Maureen Collins’s affection for the older woman, who died later in 2006, owed much to the fact that she was of her parents’ generation, one that had all but disappeared.
But, on that day, over a cup of tea, Collins spoke of the previous Irish generation – from whose ranks came the first parishioners of Southampton’s Catholic church. She later sent me an official history, which has a compelling opening sentence: “Sacred Hearts of Jesus and Mary became a parish [in 1896] in response to the uncompromising faith of the poor and the need of the rich.”
Before that, vacationing Protestants sent out periodic calls to bishops and priests asking them to minister to their young Irish servants, male and female, who would not stay during the summer if they could not fulfill their religious obligations.
By that time, the Catholic Irish were gradually finding acceptance in America. Much had changed since the bedraggled Famine immigrants had come ashore. The anti-Catholic Know Nothing Party was dead. The “Celts” had joined the “Anglo-Saxons” and “Teutons” in the ranks of favored groups. Instead, the nativists and xenophobes were focusing their attention on the newer would-be Americans pouring into New York and elsewhere, such as the East European Jews and the equally impoverished and largely illiterate Italians.
It helped Irish immigrants that, as historian Lawrence McCaffrey has written, “in the late 19th and early 20th centuries [they were] culturally, socially and religiously more scrubbed and polished than preceding generations.”
They were similar to today’s immigrant servant classes, who constitute a disciplined army of labor, possessing a good basic education, a dedicated work ethos and a level of religious piety above the national average.
This doesn’t impress those who want much of that population to leave. “Illegal,” they scream, blind to an important reality — the law and the capitalist economy’s labor needs aren’t always in perfect harmony. As an Italian-American community activist and octogenarian, Zachary Sansone, once told me, referring to the early 20th century: “They needed someone to build this country up; they didn’t care if you had papers.”
Of course, there’s always been a fear about jobs, which the nativists and xenophobes have happily exploited to the full, for reasons that have little to do with the economy. The Know-Nothings did it and the Minuteman Civil Defense Corps does it today. Their real anxieties were and are elsewhere. In the mid-19th century, many Protestants felt that mass Irish and German Catholic immigration might give the Vatican a say in their Republic.
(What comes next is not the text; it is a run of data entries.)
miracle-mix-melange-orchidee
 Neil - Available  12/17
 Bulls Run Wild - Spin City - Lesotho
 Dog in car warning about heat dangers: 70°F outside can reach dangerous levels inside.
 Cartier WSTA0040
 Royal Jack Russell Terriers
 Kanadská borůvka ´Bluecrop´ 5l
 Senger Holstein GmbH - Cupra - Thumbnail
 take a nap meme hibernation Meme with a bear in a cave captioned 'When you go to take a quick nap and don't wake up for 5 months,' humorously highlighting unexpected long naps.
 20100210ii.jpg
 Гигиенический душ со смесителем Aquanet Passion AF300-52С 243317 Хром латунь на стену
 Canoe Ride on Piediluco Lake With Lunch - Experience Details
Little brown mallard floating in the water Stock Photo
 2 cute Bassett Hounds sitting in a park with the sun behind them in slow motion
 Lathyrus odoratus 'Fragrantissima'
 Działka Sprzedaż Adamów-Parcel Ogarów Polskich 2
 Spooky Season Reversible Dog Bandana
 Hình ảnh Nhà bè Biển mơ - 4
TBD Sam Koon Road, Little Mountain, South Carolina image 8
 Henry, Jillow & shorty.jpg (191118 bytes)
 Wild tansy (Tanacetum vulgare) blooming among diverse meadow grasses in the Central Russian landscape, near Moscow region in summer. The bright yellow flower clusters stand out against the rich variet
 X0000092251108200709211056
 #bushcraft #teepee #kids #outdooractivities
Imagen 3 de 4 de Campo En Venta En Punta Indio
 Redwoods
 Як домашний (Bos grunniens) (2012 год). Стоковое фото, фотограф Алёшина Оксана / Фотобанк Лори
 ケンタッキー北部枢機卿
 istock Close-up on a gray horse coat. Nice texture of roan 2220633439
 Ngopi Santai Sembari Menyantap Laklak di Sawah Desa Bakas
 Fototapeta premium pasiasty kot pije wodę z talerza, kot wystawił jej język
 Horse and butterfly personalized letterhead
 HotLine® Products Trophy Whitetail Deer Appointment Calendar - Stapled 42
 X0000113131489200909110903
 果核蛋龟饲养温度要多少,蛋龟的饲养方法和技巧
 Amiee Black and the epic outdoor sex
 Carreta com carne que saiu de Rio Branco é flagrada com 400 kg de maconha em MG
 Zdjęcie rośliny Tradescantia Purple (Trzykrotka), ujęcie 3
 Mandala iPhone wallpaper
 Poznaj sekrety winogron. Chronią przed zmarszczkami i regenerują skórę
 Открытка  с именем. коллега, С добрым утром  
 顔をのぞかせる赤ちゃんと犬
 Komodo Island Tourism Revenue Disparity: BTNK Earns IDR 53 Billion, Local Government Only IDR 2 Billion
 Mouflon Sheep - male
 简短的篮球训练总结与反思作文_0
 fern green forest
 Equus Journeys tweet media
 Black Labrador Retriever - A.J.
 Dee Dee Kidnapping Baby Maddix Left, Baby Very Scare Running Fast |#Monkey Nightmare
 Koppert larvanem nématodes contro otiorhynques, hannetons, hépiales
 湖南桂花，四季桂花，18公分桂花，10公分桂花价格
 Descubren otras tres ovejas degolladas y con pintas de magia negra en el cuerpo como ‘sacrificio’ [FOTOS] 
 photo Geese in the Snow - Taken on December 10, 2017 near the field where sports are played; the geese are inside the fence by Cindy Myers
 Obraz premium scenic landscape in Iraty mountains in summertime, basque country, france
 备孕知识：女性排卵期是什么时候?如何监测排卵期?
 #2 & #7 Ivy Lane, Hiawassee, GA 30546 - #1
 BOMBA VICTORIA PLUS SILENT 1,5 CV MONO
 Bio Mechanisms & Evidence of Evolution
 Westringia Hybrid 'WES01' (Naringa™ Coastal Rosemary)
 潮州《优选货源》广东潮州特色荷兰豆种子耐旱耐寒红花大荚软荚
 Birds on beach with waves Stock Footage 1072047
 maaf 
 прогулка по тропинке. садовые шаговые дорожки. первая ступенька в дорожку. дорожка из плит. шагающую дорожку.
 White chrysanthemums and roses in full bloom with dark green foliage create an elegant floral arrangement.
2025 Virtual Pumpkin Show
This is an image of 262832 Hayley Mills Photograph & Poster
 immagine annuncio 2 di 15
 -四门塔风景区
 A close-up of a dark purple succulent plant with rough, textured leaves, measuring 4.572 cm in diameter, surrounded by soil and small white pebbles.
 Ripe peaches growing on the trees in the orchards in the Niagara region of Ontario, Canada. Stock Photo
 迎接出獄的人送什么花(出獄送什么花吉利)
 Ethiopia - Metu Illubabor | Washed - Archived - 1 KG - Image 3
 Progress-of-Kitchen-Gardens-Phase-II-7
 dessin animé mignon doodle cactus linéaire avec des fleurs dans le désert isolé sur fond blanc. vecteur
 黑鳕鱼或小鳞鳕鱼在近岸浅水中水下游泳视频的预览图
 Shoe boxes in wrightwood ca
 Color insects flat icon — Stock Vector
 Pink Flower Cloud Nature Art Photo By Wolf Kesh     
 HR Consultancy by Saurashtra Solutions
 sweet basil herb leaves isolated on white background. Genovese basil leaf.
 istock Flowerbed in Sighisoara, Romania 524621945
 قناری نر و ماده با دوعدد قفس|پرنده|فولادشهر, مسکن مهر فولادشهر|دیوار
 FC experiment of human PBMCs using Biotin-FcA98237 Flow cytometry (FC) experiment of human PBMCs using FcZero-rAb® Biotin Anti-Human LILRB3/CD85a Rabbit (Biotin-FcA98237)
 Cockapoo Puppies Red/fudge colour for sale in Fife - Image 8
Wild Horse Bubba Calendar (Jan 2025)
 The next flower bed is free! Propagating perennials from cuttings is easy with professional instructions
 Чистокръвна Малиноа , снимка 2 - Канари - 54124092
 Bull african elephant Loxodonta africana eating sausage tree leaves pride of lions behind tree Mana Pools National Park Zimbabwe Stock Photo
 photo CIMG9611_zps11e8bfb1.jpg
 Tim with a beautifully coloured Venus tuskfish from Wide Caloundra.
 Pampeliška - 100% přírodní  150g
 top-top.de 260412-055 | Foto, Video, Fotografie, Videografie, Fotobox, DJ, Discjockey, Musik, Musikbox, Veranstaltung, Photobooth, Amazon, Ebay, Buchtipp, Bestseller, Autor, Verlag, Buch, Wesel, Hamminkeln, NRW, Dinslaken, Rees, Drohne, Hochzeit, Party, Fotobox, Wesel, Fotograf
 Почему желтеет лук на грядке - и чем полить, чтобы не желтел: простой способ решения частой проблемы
Nowadays, the concern is a little harder to nail down. The propaganda seems to suggest that the very act of “sneaking” across the border – committed by people who aren’t white and don’t speak English – poses a threat to American civilization. Yet at its root is the same old demographic panic. It happened with the freeing of the slaves and has been seen time and again with every significant wave of immigration and migration.
Is it fair to characterize this type of anxiety as bigotry? Harpreet Singh Toor, a leader of the Sikh community in New York, might say “not necessarily.” Singh Toor, who wears a turban, told me about an incident that happened in the Wall Street area when he was working as a computer programmer at City Hall. “This gentleman – and I will still call him a gentleman – had a suit and tie, and no briefcase; so he probably worked around there somewhere, and was on lunch break with his colleagues,” he recalled. “As he passed me, he said: ‘terrorist.'” That was back in 1997.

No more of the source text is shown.